Es gab immer mal Phasen in denen ich intensiv  und auch sehr sehr wenig gespielt habe, aber weggekommen bin ich nicht vom zocken und ich mach mir da auch keine Hoffnungen mehr.

Dauerhaft installiert sind Skyrim, Diablo3, Saints Row 3 und 4, GTA 4 (und hoffentlich bald 5), sowie fast alle C&C Teile. 
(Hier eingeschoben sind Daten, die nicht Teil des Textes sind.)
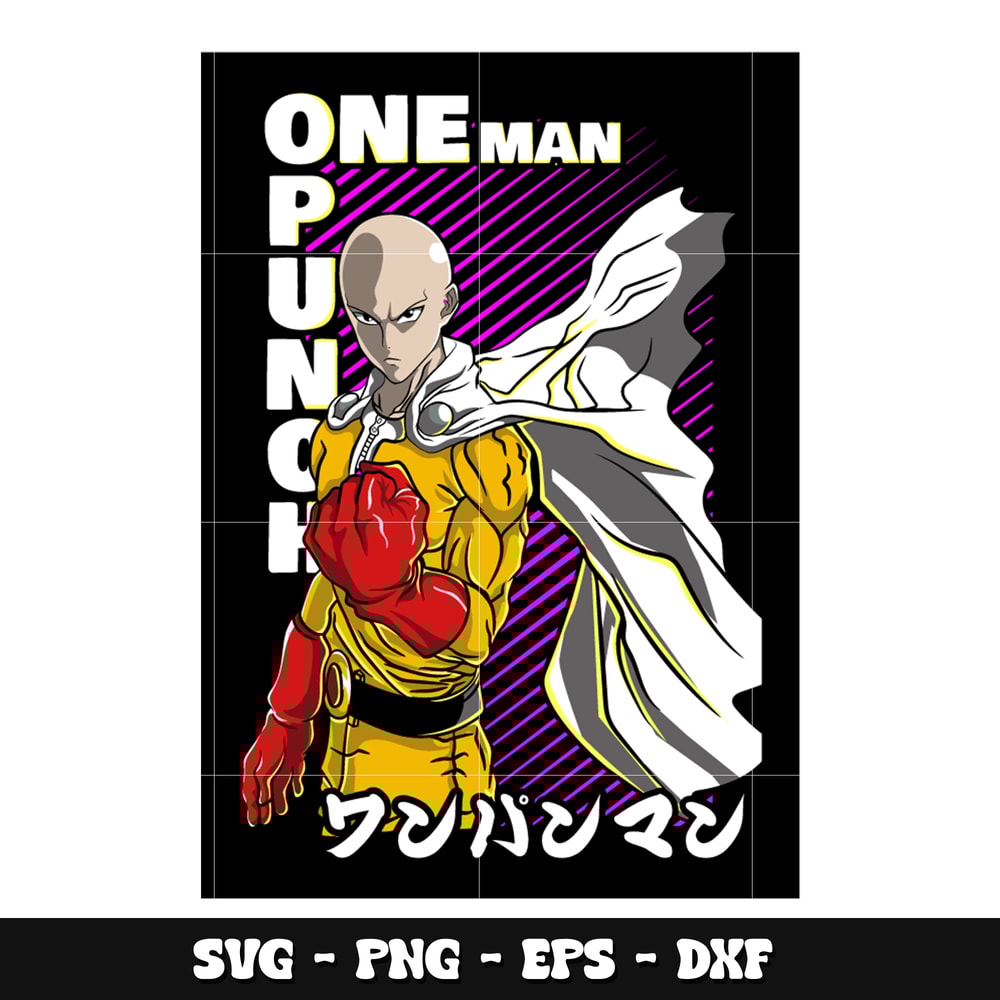 Saitama design svg, Anime One punch man svg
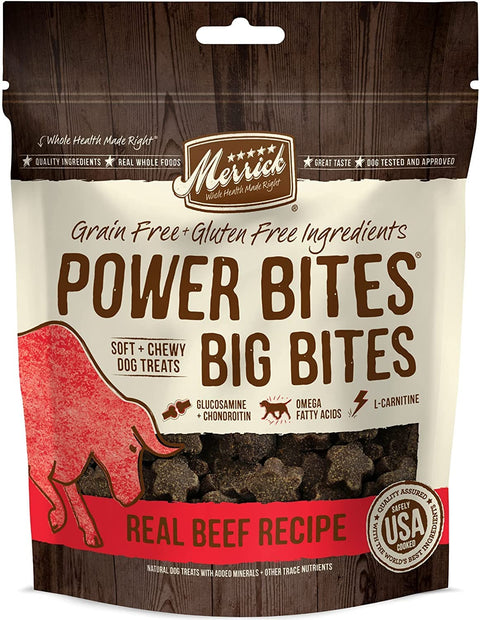 (4 Pack) Merrick Power Bites - Big Bites Real Chicken and Beef Recipe Dog Treat, 6Oz with 10ct Pet Wipes
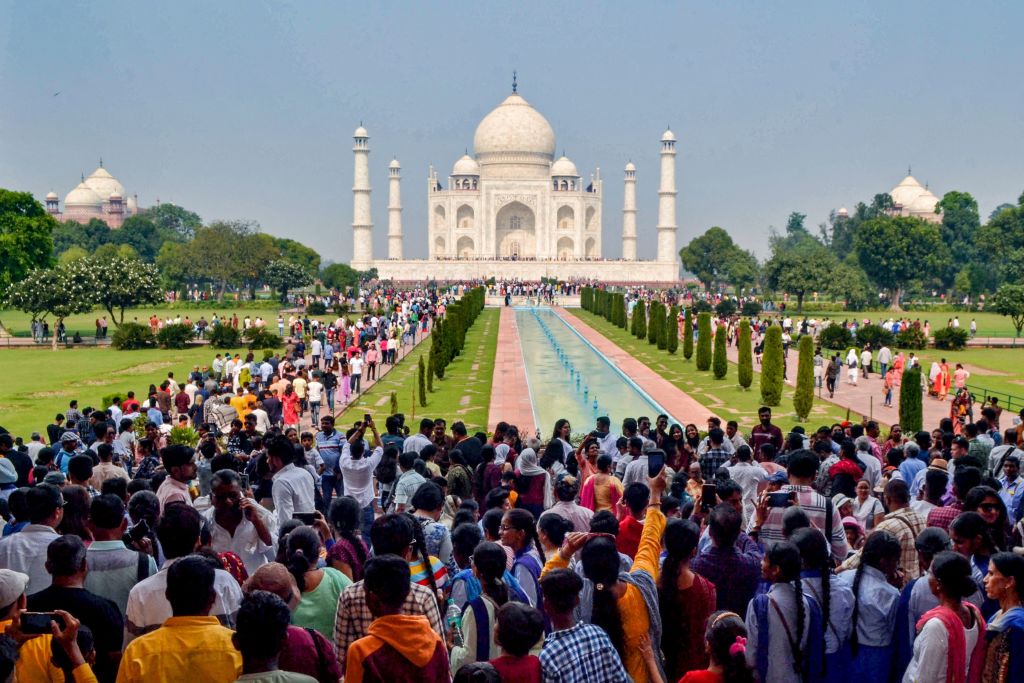 Tourists at Taj Mahal in Agra, India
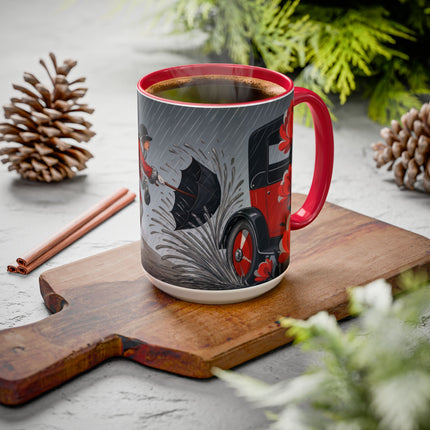 ☔🌹 The Scarlet Rainstorm Promenade Colorful Mug – Art Deco Motoring Elegance
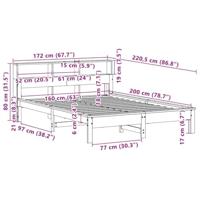 Bedframe zonder matras massief grenenhout 160x200 cm - thumbnail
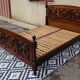 Wooden bed, geometric patterns, 140/190 cm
Nur eins hab ich geschafft,  von WoW  loszukommen.


----------



## EcHiRaK (31. Dezember 2014)

Also mir geht es ganz oft genau wie dir. Ich bin 23 und Krankenpfleger. Manchmal verbringe ich pro Tag bis zu 12/13 Stunden auf der Arbeit. Dann habe ich nur jedes zweite Wochenende im Monat frei (sprich insgesamt 4 Tage), meistens geht es dann immer 12 Tage arbeiten, 2 Tage frei etc. Mir fehlt sehr oft die Lust, mich nach der Arbeit vor den PC zu setzen und anzufangen zu zocken. Die paar freien Tage im Monat, möchte ich dann natürlich auch nicht vor dem PC verbringen, denn meistens gibt es dann so viele Dinge zu erledigen, das Land unter ist. Ich kann dich also mehr als nur gut verstehen.


----------



## Nightslaver (31. Dezember 2014)

Ich denke wirklich aus dem Alter "raus" sein zu spielen kann man eigentlich nicht. Wenn man irgendwann keine Lust mehr hat kann das sehr verschiedene Ursachen haben, angefangen damit das sich der eigene Lebensschwerpunkt verlagert hat _(Beziehung, Arbeit, Freunde)_ bis dahin gehend das man einfach irgendwann das Gefühl entwickelt alles schon einmal gesehen zu haben und die Spiele es einfach nicht mehr schafen den persöhnlichen Ehrgeiz zu wecken wirklich Zeit in sie investieren zu wollen. _(Im Prinzip wie beim Fernsehn, wer schaut denn wirklich Fernsehn weil er sich abgötisch auf einen Film freut, bzw wie oft kommt das vor? Meist schlägt man doch auch damit nur die Zeit tot und hat eigentlich gar keine gesteigerte Lust darauf etwas zu sehen weil man 3/4 der Filme und Serien doch schon kennt.)_

Bei mir persöhnlich sieht es so aus, bin 27 und berufstätig, allerdings nicht in einer festen Beziehung. Zeit zum zocken habe ich eigentlich mehr als ausreichend, trotz Beruf. Trotzdem schlage ich, wenn ich am PC sitze auch nur die meiste Zeit die Zeit tot und spiele wenig, schreibe wie hier im Forum, lese auf diversen Seiten News aus der Branche, ect.
Wirkliche Lust zum spielen habe ich meistens nicht und wenn dann mal eine halbe Stunde, oder Stunde, etwas in die Richtung von "War Thunder: Ground Forces", oder eine ruhige Runde einen alten Klassiker wie "Fallout 2", oder auch mal "Dungeon Keeper 1".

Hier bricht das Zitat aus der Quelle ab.